Optimal Control of Ordinary Differential Equations 1

Necessary conditions (Euler-Lagrange, Legendre-Clebsch), integral constraints, algebraic constraints, differential equations as constraints, control constraints, bang-bang and singular control, application problems

After successful completion of the module students are able to understand and apply the basic notions, concepts, and methods of optimal control theory for ordinary differential equations. They master in particular the formulation and the evaluation of the first variation for problems with interior point conditions. They know fundamentals of the different
classes of constraints. They have learned to transform optimal control problems into boundary value problems suitable for numerical treatment. They know how to apply this knowledge to the solution of problems from science and engineering.

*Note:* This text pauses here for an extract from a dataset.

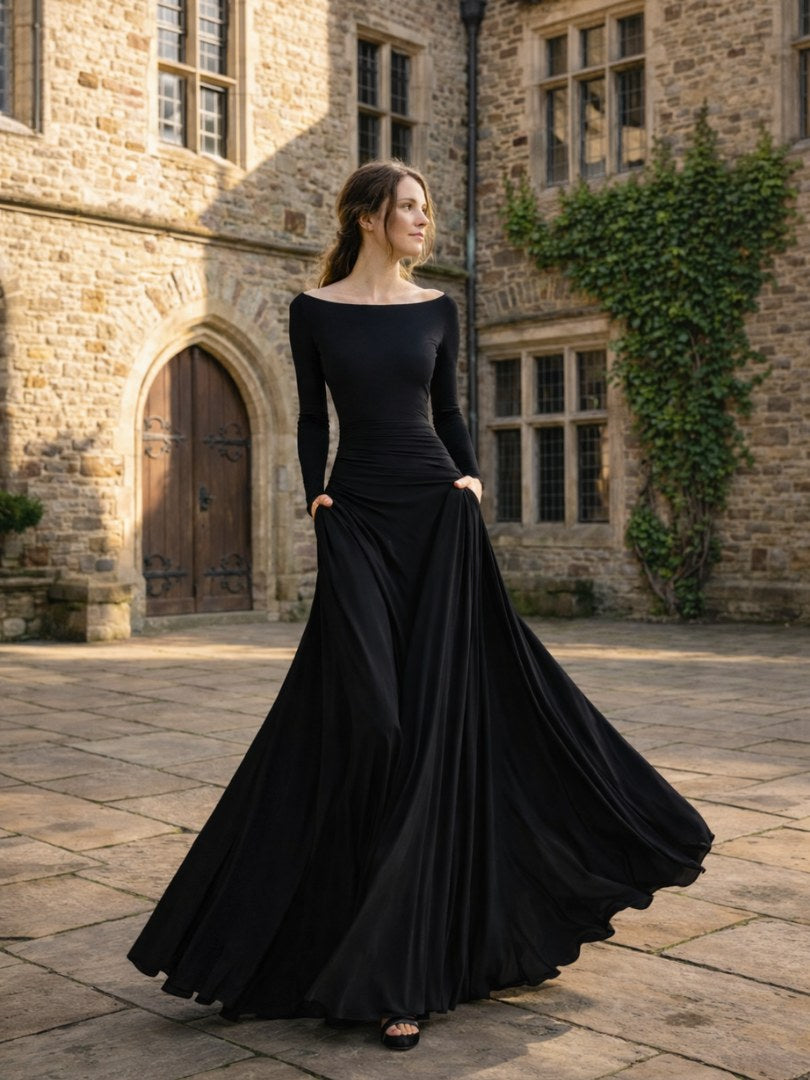Veltrice Women's Long Sleeve Off-Shoulder Maxi Dress in Black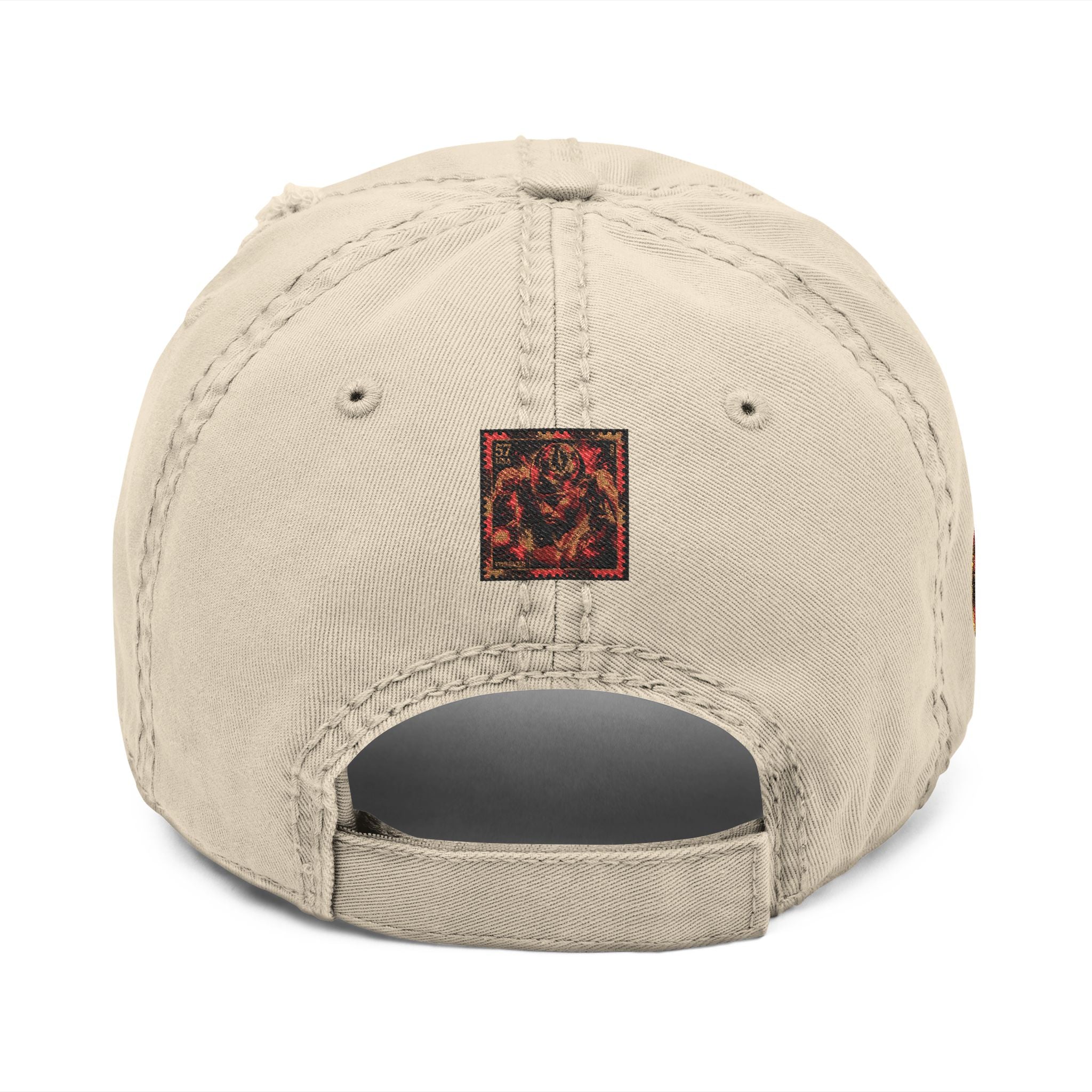 Distressed Embroidered Dad Hat — Vintage Flame Crest Cap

MA 2304 Numerical Methods for Ordinary Differential Equations,
MA 2005 Ordinary Differential Equations

In the lectures, the contents will be presented in a talk with demonstrative examples, as well as through discussion with the students. The lectures should motivate the students to carry out their own analysis of the themes presented and to independently study the relevant literature. Corresponding to each lecture, practice sessions will be offered, in which exercise sheets and solutions will be available. In this way, students can deepen their understanding of the methods and concepts taught in the lectures and independently check their progress.

blackboard and/or projector

Bryson, Ho: Optimal Control,
Leitmann: The Calculus of Variations and Optimal Control,
Pesch: Schlüsseltechnologie Mathematik,
original research papers

The exam will be in written form (60 minutes). Students demonstrate that they have gained deeper knowledge of definitions, theorems and main mathematical tools of optimal control theory presented in the course and their applicability to problems in science and engineering. The students are in particular expected to be able formulate the complete first variation for a given optimal control problem with interior point conditions and to draw conclusions from that formulation. Students show that they are able to distinguish and handle different classes of constraints.The students are expected to be able to derive the methods, to explain their properties, and to transform them into formulations properly suited for the numerical solution.